=Paper=
{{Paper
|id=Vol-2103/paper_4
|storemode=property
|title=Towards Bias Detection in Online Text Corpora
|pdfUrl=https://ceur-ws.org/Vol-2103/paper_4.pdf
|volume=Vol-2103
|authors=Christoph Hube,Besnik Fetahu,Robert Jäschke
}}
==Towards Bias Detection in Online Text Corpora==
<pdf width="1500px">https://ceur-ws.org/Vol-2103/paper_4.pdf</pdf>
<pre>
Towards Bias Detection in Online Text Corpora

              Christoph Hube1 , Robert Jäschke2 and Besnik Fetahu1
          1
              L3S Research Center, Leibniz Universität Hannover, Germany
                                 {hube, fetahu}@L3S.de
2
  Institut für Bibliotheks- und Informationswissenschaft, Humboldt University Berlin,
                                         Germany
                               robert.jaeschke@hu-berlin.de


       Abstract. Natural language textual corpora depending on their genre,
       often contain bias which reflect the point of view towards a subject of
       the original content creator.

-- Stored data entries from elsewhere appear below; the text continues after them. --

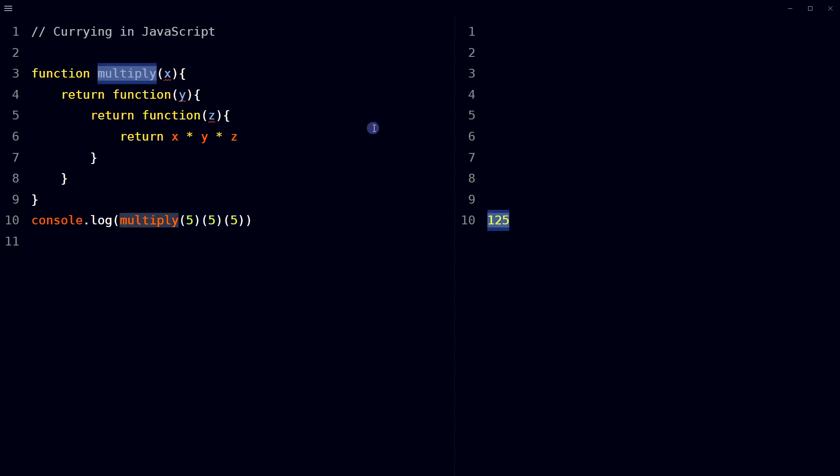Here, multiply is a higher order function that returns a function that takes in a parameter and returns another function that takes in another parameter, which in turn returns a product of all three parameters. If you have worked with React JS and higher order components, you may have used this pattern already.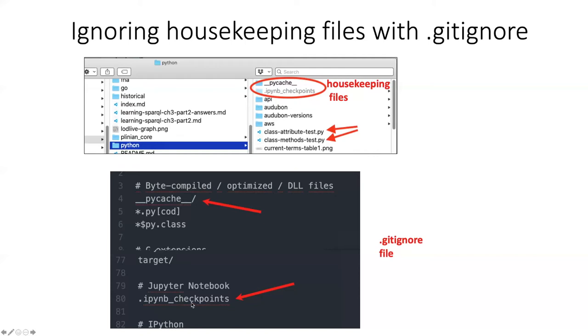So once you've created, added these things to the .gitignore file, then you don't have to worry about whether you should check or uncheck the blue check marks for these files. They simply will not show up on your GitHub desktop.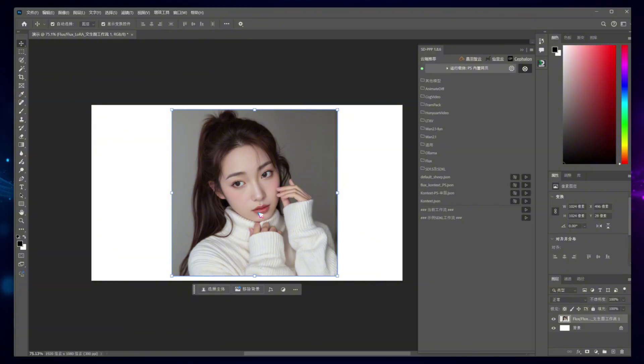Ideally, we'd want to operate entirely within Photoshop. Hold on, it's possible. Let's continue tweaking the workflow.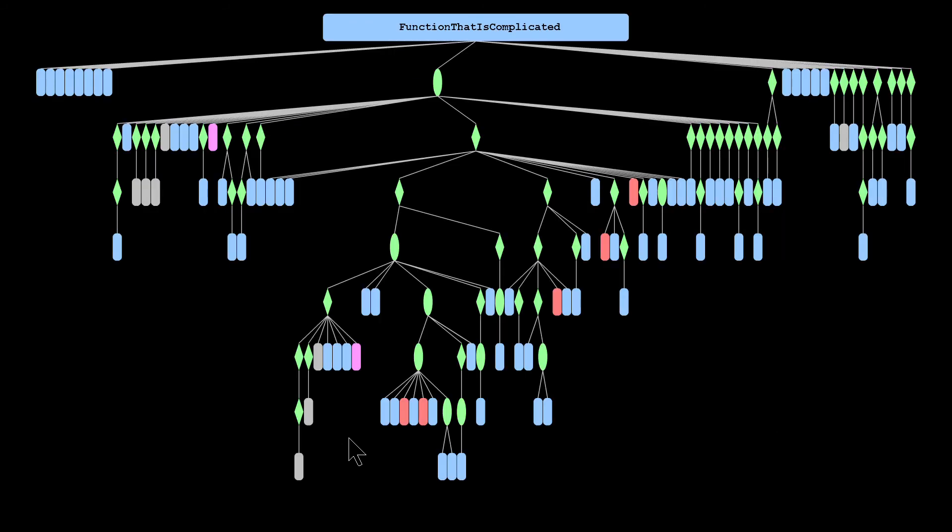So here we hit zero and this just shows you what a more complicated function would look like. So you can quickly identify that the loop does the majority of the work and then we've got a very complicated sequence of conditional calls and other loops.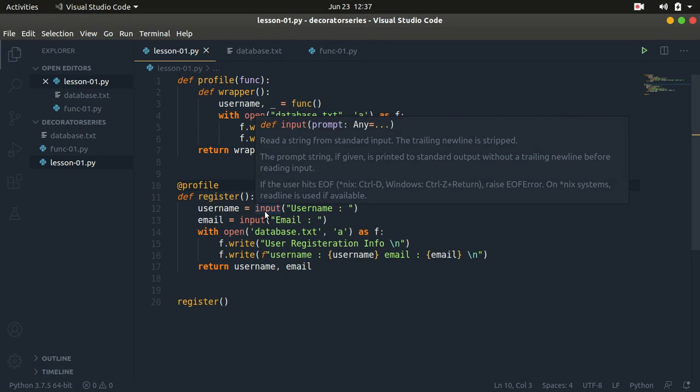Hello guys, welcome to this channel. In today's tutorial, we are going to begin our decorator series on decorators. So if you don't know what a decorator is in Python, this is what we'll be covering in this series.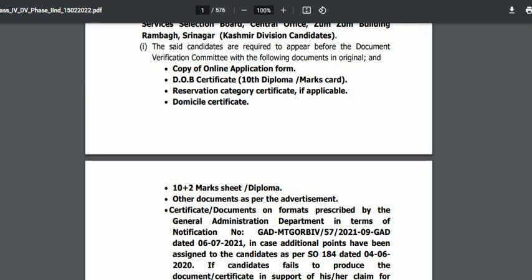You should have a copy of the online application form for JKSSB Class 4th. If you don't have a hard copy, then download it from JKSSB's portal. You need a DOB certificate, a 10th certificate. If you have a reservation category, you need a DOM cell certificate. You also need a certificate and diploma.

Even for sources like Wikipedia, a colla-
       boratively created encyclopedia, which follows a Neutral Point of View
       (NPOV) policy, the pages therein are prone to such violations, this due
       to either: (i) Wikipedia contributors not being aware of NPOV policies
       or (ii) intentional push towards specific points of views. We present an
       approach for identifying bias words in online textual corpora using se-
       mantic relations of word vectors created through word2Vec. The bias
       word lists created by our approach help on identifying biased language
       in online texts.


1    Introduction
To enforce neutrality and quality of the provided information, Wikipedia has
established several guidelines and policies. Neutral Point of View policy demands
Wikipedia editors to put aside their personal opinions on a topic and create
objective content. Even for information sources that allow opinions or where
opinions are part of the sources’ agenda (e.g. many news websites) it is helpful for
the readers to understand the intrinsic bias of sources. Especially in the context
of filter bubbles and echo chambers [1,7], bias detection plays an important role.
In this work we aim to detect automatically the use of explicit language bias,
i.e. bias that is introduced through specific words and phrases. Language bias
stands in contrast to more implicit bias that is introduced through gatekeeping
or coverage of specific topics [5]. As an example of language bias consider the
following two sentences:

 – “Barack Obama served as president of the United States.”
 – “Barack Obama unsuccessfully served as president of the United States.”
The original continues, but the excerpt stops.